In our second reading Paul gives praise and encouragement to the Ephesians. He writes to the “saints,” i.e., those faithful to Christ in Ephesus. His message is straight forward: through Christ’s birth, life, death and resurrection we are absolved of our deviations from God’s ways. Intellectually and through our experience of the Christian way we have come to know God’s plan, i.e., to “gather up” all God has created, seen and unseen, to Christ.

From Luke we heard the Beatitudes, a listing of the virtues of the holy people of God - the saints. Some words are used in ways we may not appreciate immediately. For example: the “poor” are those who acknowledge their dependence on God. Where as, the “rich” do not want to commit themselves to Jesus and the Kingdom; they are comfortable in their self-sufficiency. The “hungry” are those who hunger for the word of God, the good news and the “full” are those satisfied or filled with God’s word. When he says: “blessed are you when . . . they exclude you”; he means being socially ostracized and excluded from the synagogue and Temple.

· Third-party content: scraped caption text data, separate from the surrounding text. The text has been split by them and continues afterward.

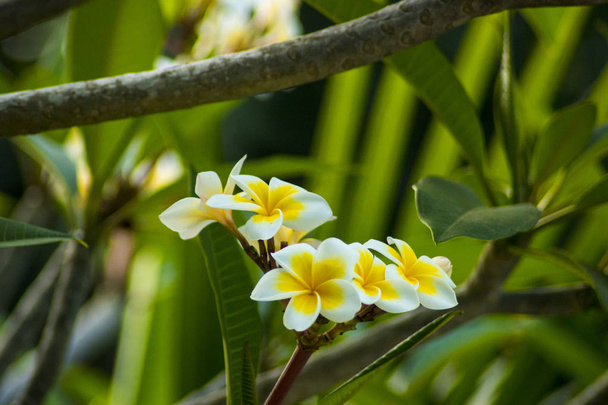 mooie frangipani plumeria bloem foto - Foto, afbeelding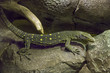 rock monitor (Varanus albigularis)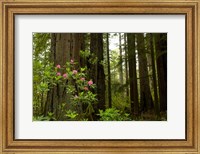 Framed Redwood trees and rhododendron flowers in a forest, Del Norte Coast Redwoods State Park, Del Norte County, California, USA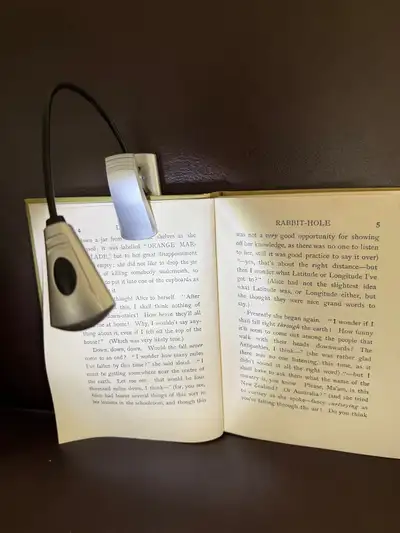 Led light clips onto book, music etc. $10 304 Frederick Ave Email shikinah1@gmail.com Call/text 705...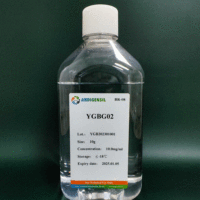 YGBG02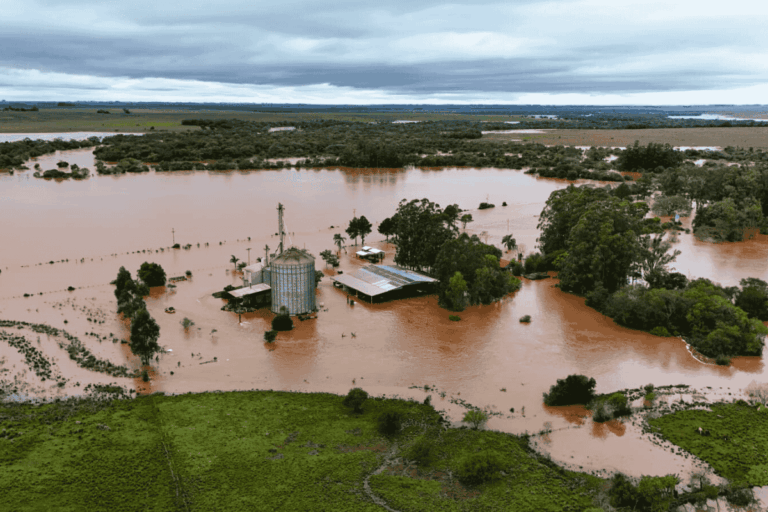Programa de renegociação de dívida rural alcança R$ 7,5 bilhões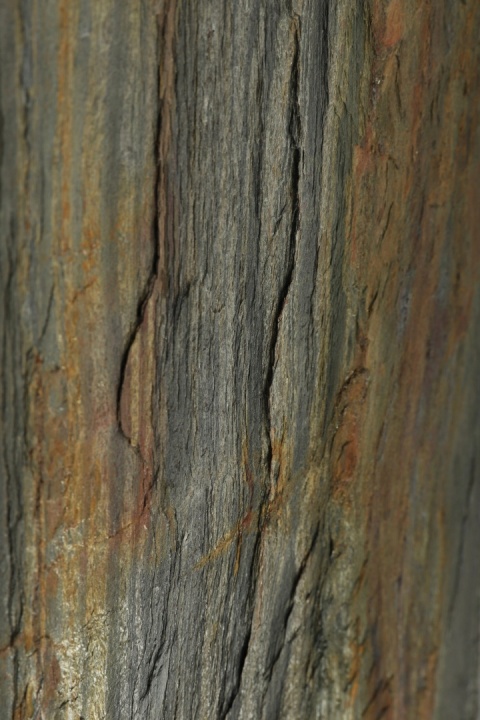 Kamień w rolce Fornir kamienny Naturalny FOREST 122x61x0,3 cm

Many scholars believe the celebration we mark with these readings to have originated in Ireland, spread from there to England, and then to the continent of Europe. That it had reached Rome and had been adopted there early in the ninth century is attested by a letter of Gregory the Fourth who was Pope around the middle of the 800s. However, the desire of Christian people to express the intercommunion of the living and the dead in the Body of Christ is much older.

Gregory the Wonder Worker, writing before the year 270, refers to the observance of a festival of all martyrs, though he does not date it. A hundred years later, Ephrem the Deacon mentions such an observance in Edessa on May 13. Finally, John Chrysostom, who died in 407, says that a festival of All Saints was observed on the first Sunday after Pentecost in Constantinople at the time he was bishop there.

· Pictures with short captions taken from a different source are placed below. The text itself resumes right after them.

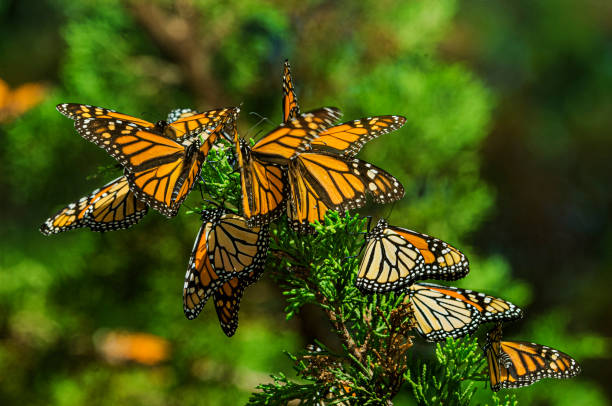 8 Biblical Meaning Of Butterflies In Dreams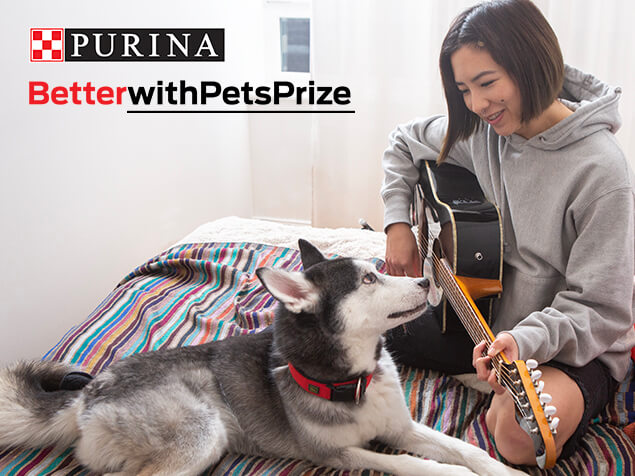 Better with pets prize woman sat with dog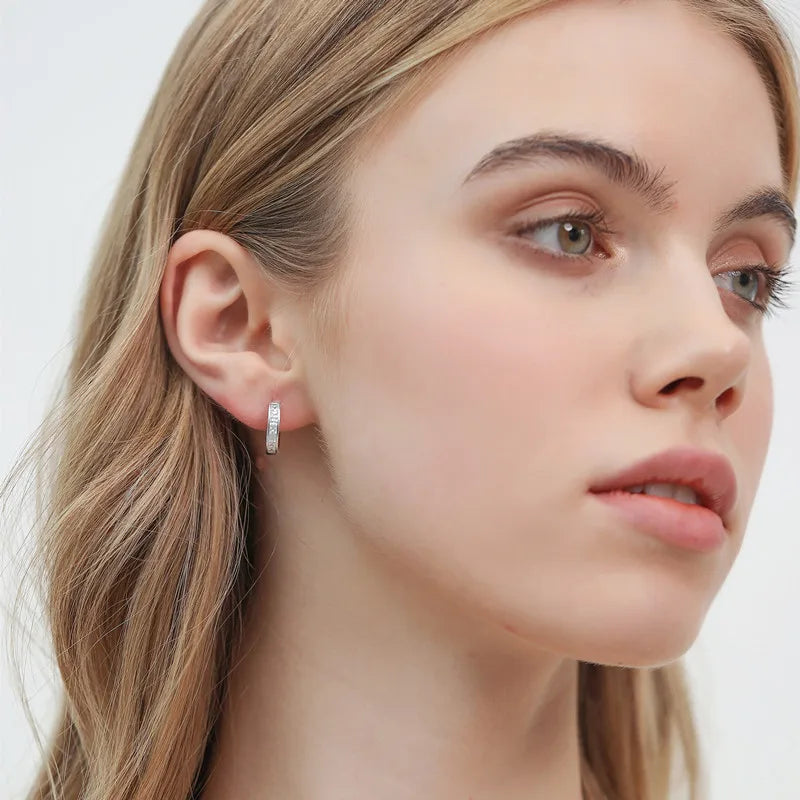 Sterling Silver Shiny Zircon Hoop Earrings for Women Girls Fashionable and Elegant Jewelry Earrings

One saint who has especially been a meaningful example in my life is Vincent de Paul who was added to our calendar by the 2009 General Convention (Sep. 27). He is noted for his work among the most needy and suffering people of his day. Especially for his tireless drive to go beyond helping with the necessities of life. He pushed for service to meet their spiritual needs and for education to help permanently lift them out of poverty. He worked closely with Louise de Marillac and the two of them inspired Elizabeth Ann Seton (Jan. 4) and Mother Teresa of Calcutta.

We all need the example of others to inspire and guided us through this life. Following Jesus can take a myriad of expressions. It is important that we ask ourselves: who are the exemplary persons of faith that are important to you? Who inspires you to follow Christ more closely? Whose Christian example helps you through the confusing reality of this world?